In the example above, consider the f => f.Occurrences lambda. This gets compiled into a type with a single instance field whose type is that of the local f in that lambda; this type contains a method that returns f.Occurrences.

So when the code ultimately enumerates over the result of your LINQ query, what's happening is that an instance of this compiler-generated type is being constructed for every field in data and that type's single method which has been generated to support the f => f.Occurrences lambda expression is being called to calculate Max.

The issue with edit-and-continue is that if there's any change to the lambda expressions in the method being edited, this necessitates changing the types generated, which is not an option.
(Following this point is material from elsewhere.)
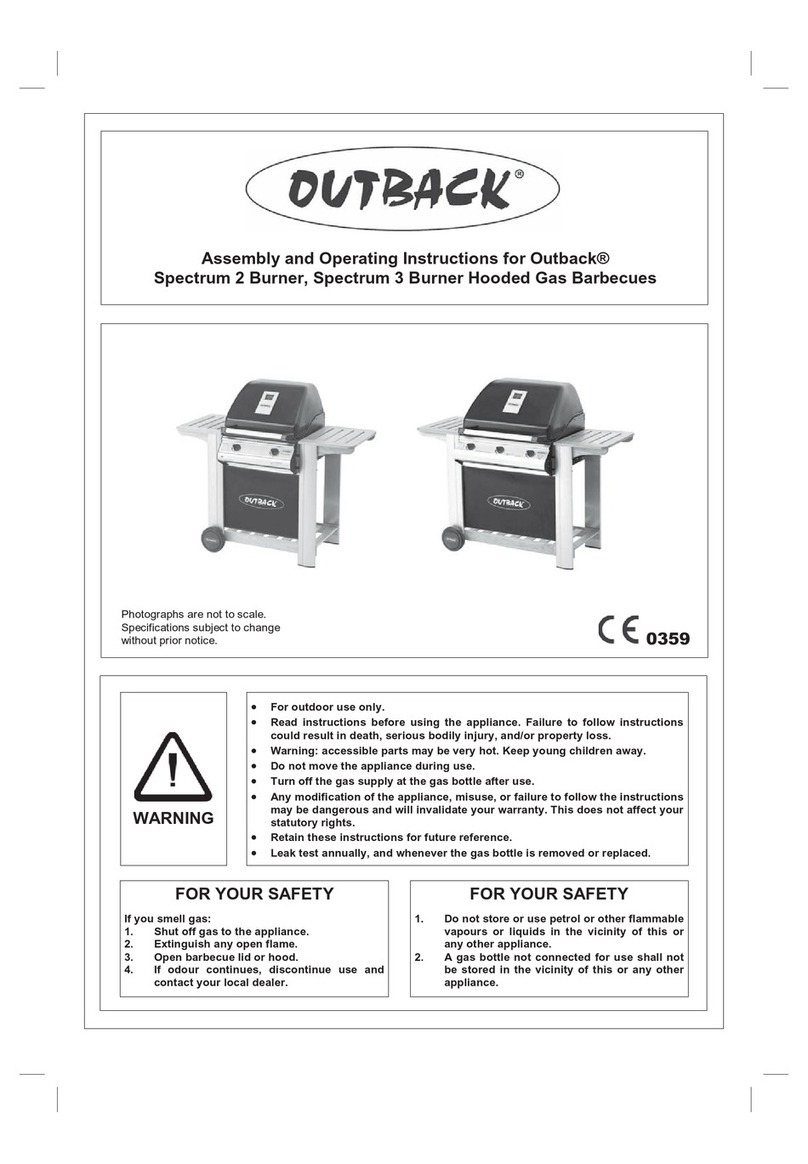 Outback Spectrum 2 Burner User manual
One would think this could still be done in the case where nothing is altered about the lambda expressions themselves; as long as the same locals are captured and the anonymous methods are unchanged, it should be feasible to modify a method with these characteristics while debugging just as it is for "normal" methods in VS.
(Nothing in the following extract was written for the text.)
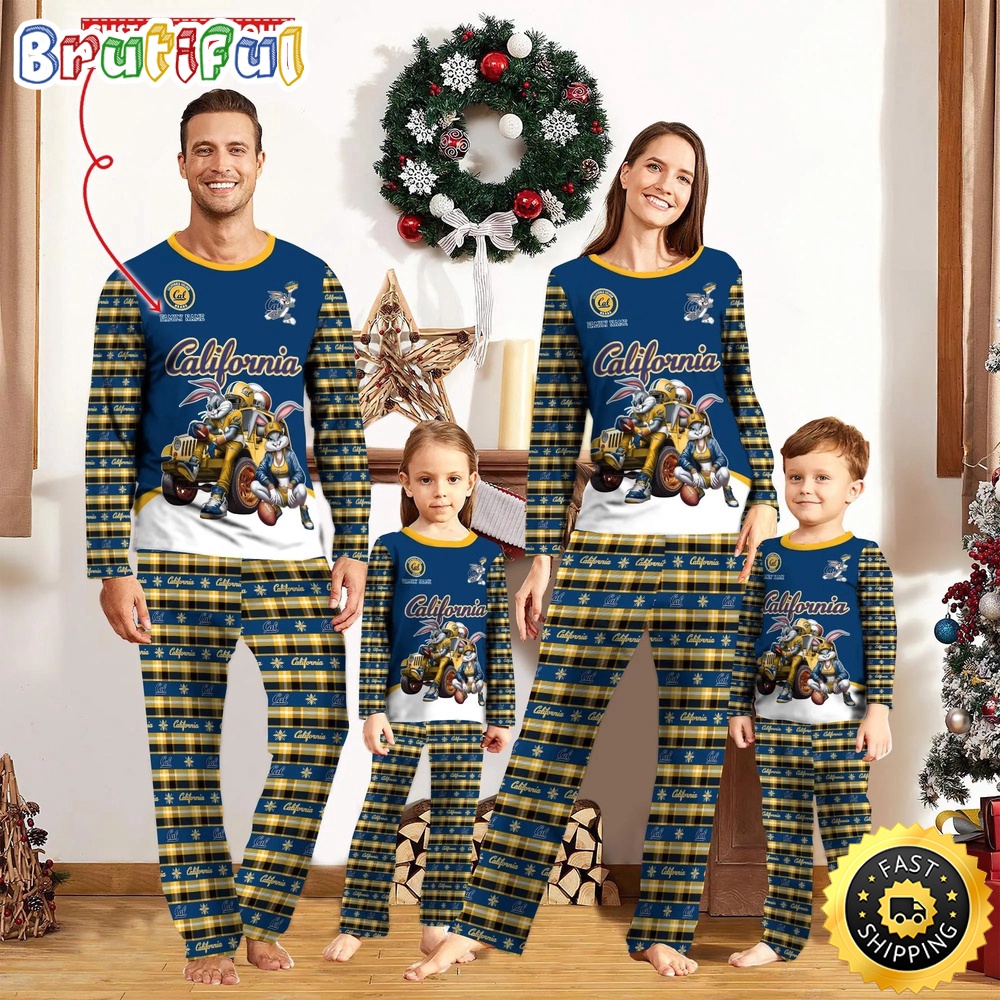 Personalized NCAA California Golden Bears Custom Pajamas For Family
But as you can see, the type generation used to support anonymous methods in general and therefore LINQ queries specifically adds a great deal of complexity to the edit-and-continue process, and in many cases makes it impossible (since it requires changing generated types completely).

I think it was just decided that it wasn't worth the development cost to even bother trying to support this behavior in the limited scenarios where it could hypothetically work.

Scope of anonymous methods

Var and out parameters and the Result variable cannot be captured because the safety of this operation cannot be statically verified. When the Result variable is of a managed type, such as a string or an interface, the storage is actually allocated by the caller and a reference to this storage is passed as an implicit parameter; in other words, the Result variable, depending on its type, is just like an out parameter.

The safety cannot be verified for the reason Jon mentioned. The closure created by an anonymous method can outlive the method activation where it was created, and can similarly outlive the activation of the method that called the method where it was created. Thus, any var or out parameters or Result variables captured could end up orphaned, and any writes to them from inside the closure in the future would corrupt the stack.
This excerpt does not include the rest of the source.